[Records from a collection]
───
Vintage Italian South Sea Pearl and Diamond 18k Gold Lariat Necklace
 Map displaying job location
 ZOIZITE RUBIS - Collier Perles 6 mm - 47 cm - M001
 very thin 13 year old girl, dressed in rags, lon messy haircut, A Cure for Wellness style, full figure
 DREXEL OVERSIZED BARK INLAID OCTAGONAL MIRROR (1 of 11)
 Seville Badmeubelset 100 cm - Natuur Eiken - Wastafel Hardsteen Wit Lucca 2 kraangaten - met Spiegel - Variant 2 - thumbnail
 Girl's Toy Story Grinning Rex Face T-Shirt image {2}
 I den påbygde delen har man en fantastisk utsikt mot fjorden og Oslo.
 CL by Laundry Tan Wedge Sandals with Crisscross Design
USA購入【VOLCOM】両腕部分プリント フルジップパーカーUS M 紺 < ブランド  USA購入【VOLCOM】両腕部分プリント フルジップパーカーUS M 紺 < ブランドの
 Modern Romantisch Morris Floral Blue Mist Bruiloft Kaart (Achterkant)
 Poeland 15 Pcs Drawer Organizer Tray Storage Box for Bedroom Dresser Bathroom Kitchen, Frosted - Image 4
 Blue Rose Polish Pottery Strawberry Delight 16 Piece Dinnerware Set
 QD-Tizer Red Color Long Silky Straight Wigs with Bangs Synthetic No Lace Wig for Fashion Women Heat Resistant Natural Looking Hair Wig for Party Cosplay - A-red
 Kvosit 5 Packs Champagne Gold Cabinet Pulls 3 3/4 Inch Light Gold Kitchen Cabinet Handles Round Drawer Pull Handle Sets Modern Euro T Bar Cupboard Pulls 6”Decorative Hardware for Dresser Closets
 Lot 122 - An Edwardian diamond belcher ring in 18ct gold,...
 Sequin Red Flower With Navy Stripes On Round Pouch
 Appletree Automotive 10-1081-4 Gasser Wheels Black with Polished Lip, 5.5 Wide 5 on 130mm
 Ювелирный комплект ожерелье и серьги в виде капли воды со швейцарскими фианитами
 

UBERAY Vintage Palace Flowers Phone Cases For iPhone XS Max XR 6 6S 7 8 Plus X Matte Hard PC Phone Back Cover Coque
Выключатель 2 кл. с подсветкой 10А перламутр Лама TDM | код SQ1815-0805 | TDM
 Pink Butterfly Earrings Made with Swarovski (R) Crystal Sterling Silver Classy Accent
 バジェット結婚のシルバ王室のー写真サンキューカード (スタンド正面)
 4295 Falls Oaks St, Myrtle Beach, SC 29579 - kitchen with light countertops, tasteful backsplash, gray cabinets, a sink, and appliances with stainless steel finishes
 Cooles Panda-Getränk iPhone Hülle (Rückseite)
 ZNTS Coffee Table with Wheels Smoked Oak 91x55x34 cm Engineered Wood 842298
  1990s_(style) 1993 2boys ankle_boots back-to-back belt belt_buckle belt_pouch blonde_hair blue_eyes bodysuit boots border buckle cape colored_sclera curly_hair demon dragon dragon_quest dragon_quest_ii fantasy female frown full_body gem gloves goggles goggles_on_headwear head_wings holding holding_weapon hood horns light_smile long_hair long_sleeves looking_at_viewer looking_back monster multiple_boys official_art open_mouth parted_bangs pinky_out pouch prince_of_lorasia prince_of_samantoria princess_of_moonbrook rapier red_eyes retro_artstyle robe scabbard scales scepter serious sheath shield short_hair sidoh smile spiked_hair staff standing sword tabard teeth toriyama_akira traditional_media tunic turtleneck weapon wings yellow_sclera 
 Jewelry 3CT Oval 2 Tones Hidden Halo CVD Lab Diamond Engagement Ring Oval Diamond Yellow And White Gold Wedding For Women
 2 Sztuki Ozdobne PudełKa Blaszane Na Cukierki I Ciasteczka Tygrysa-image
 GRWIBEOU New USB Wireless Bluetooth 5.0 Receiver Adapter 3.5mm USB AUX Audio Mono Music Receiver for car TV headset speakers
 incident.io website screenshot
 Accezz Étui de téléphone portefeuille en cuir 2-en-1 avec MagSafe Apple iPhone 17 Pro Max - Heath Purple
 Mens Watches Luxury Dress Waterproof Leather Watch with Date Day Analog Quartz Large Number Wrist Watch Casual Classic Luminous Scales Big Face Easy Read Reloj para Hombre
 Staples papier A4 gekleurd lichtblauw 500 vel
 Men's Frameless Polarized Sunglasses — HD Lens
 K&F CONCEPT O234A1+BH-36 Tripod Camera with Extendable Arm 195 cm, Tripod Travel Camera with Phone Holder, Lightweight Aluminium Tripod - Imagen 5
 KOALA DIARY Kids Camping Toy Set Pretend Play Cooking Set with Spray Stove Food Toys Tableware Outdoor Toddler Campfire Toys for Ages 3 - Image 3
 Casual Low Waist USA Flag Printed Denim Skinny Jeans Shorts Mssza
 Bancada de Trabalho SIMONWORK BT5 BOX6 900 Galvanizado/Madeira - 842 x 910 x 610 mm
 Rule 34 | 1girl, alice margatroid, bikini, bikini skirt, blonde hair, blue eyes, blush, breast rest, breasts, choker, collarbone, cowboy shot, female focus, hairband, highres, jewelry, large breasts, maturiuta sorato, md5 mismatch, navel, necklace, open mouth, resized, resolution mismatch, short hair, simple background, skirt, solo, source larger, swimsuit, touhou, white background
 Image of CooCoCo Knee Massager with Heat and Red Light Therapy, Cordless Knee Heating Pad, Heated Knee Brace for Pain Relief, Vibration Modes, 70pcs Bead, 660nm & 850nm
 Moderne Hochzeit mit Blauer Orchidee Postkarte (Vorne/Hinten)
───
All records above need to be set down again exactly as written.

> Response
Vintage Italian South Sea Pearl and Diamond 18k Gold Lariat Necklace
 Map displaying job location
 ZOIZITE RUBIS - Collier Perles 6 mm - 47 cm - M001
 very thin 13 year old girl, dressed in rags, lon messy haircut, A Cure for Wellness style, full figure
 DREXEL OVERSIZED BARK INLAID OCTAGONAL MIRROR (1 of 11)
 Seville Badmeubelset 100 cm - Natuur Eiken - Wastafel Hardsteen Wit Lucca 2 kraangaten - met Spiegel - Variant 2 - thumbnail
 Girl's Toy Story Grinning Rex Face T-Shirt image {2}
 I den påbygde delen har man en fantastisk utsikt mot fjorden og Oslo.
 CL by Laundry Tan Wedge Sandals with Crisscross Design
USA購入【VOLCOM】両腕部分プリント フルジップパーカーUS M 紺 < ブランド  USA購入【VOLCOM】両腕部分プリント フルジップパーカーUS M 紺 < ブランドの
 Modern Romantisch Morris Floral Blue Mist Bruiloft Kaart (Achterkant)
 Poeland 15 Pcs Drawer Organizer Tray Storage Box for Bedroom Dresser Bathroom Kitchen, Frosted - Image 4
 Blue Rose Polish Pottery Strawberry Delight 16 Piece Dinnerware Set
 QD-Tizer Red Color Long Silky Straight Wigs with Bangs Synthetic No Lace Wig for Fashion Women Heat Resistant Natural Looking Hair Wig for Party Cosplay - A-red
 Kvosit 5 Packs Champagne Gold Cabinet Pulls 3 3/4 Inch Light Gold Kitchen Cabinet Handles Round Drawer Pull Handle Sets Modern Euro T Bar Cupboard Pulls 6”Decorative Hardware for Dresser Closets
 Lot 122 - An Edwardian diamond belcher ring in 18ct gold,...
 Sequin Red Flower With Navy Stripes On Round Pouch
 Appletree Automotive 10-1081-4 Gasser Wheels Black with Polished Lip, 5.5 Wide 5 on 130mm
 Ювелирный комплект ожерелье и серьги в виде капли воды со швейцарскими фианитами
 

UBERAY Vintage Palace Flowers Phone Cases For iPhone XS Max XR 6 6S 7 8 Plus X Matte Hard PC Phone Back Cover Coque
Выключатель 2 кл. с подсветкой 10А перламутр Лама TDM | код SQ1815-0805 | TDM
 Pink Butterfly Earrings Made with Swarovski (R) Crystal Sterling Silver Classy Accent
 バジェット結婚のシルバ王室のー写真サンキューカード (スタンド正面)
 4295 Falls Oaks St, Myrtle Beach, SC 29579 - kitchen with light countertops, tasteful backsplash, gray cabinets, a sink, and appliances with stainless steel finishes
 Cooles Panda-Getränk iPhone Hülle (Rückseite)
 ZNTS Coffee Table with Wheels Smoked Oak 91x55x34 cm Engineered Wood 842298
  1990s_(style) 1993 2boys ankle_boots back-to-back belt belt_buckle belt_pouch blonde_hair blue_eyes bodysuit boots border buckle cape colored_sclera curly_hair demon dragon dragon_quest dragon_quest_ii fantasy female frown full_body gem gloves goggles goggles_on_headwear head_wings holding holding_weapon hood horns light_smile long_hair long_sleeves looking_at_viewer looking_back monster multiple_boys official_art open_mouth parted_bangs pinky_out pouch prince_of_lorasia prince_of_samantoria princess_of_moonbrook rapier red_eyes retro_artstyle robe scabbard scales scepter serious sheath shield short_hair sidoh smile spiked_hair staff standing sword tabard teeth toriyama_akira traditional_media tunic turtleneck weapon wings yellow_sclera 
 Jewelry 3CT Oval 2 Tones Hidden Halo CVD Lab Diamond Engagement Ring Oval Diamond Yellow And White Gold Wedding For Women
 2 Sztuki Ozdobne PudełKa Blaszane Na Cukierki I Ciasteczka Tygrysa-image
 GRWIBEOU New USB Wireless Bluetooth 5.0 Receiver Adapter 3.5mm USB AUX Audio Mono Music Receiver for car TV headset speakers
 incident.io website screenshot
 Accezz Étui de téléphone portefeuille en cuir 2-en-1 avec MagSafe Apple iPhone 17 Pro Max - Heath Purple
 Mens Watches Luxury Dress Waterproof Leather Watch with Date Day Analog Quartz Large Number Wrist Watch Casual Classic Luminous Scales Big Face Easy Read Reloj para Hombre
 Staples papier A4 gekleurd lichtblauw 500 vel
 Men's Frameless Polarized Sunglasses — HD Lens
 K&F CONCEPT O234A1+BH-36 Tripod Camera with Extendable Arm 195 cm, Tripod Travel Camera with Phone Holder, Lightweight Aluminium Tripod - Imagen 5
 KOALA DIARY Kids Camping Toy Set Pretend Play Cooking Set with Spray Stove Food Toys Tableware Outdoor Toddler Campfire Toys for Ages 3 - Image 3
 Casual Low Waist USA Flag Printed Denim Skinny Jeans Shorts Mssza
 Bancada de Trabalho SIMONWORK BT5 BOX6 900 Galvanizado/Madeira - 842 x 910 x 610 mm
 Rule 34 | 1girl, alice margatroid, bikini, bikini skirt, blonde hair, blue eyes, blush, breast rest, breasts, choker, collarbone, cowboy shot, female focus, hairband, highres, jewelry, large breasts, maturiuta sorato, md5 mismatch, navel, necklace, open mouth, resized, resolution mismatch, short hair, simple background, skirt, solo, source larger, swimsuit, touhou, white background
 Image of CooCoCo Knee Massager with Heat and Red Light Therapy, Cordless Knee Heating Pad, Heated Knee Brace for Pain Relief, Vibration Modes, 70pcs Bead, 660nm & 850nm
 Moderne Hochzeit mit Blauer Orchidee Postkarte (Vorne/Hinten)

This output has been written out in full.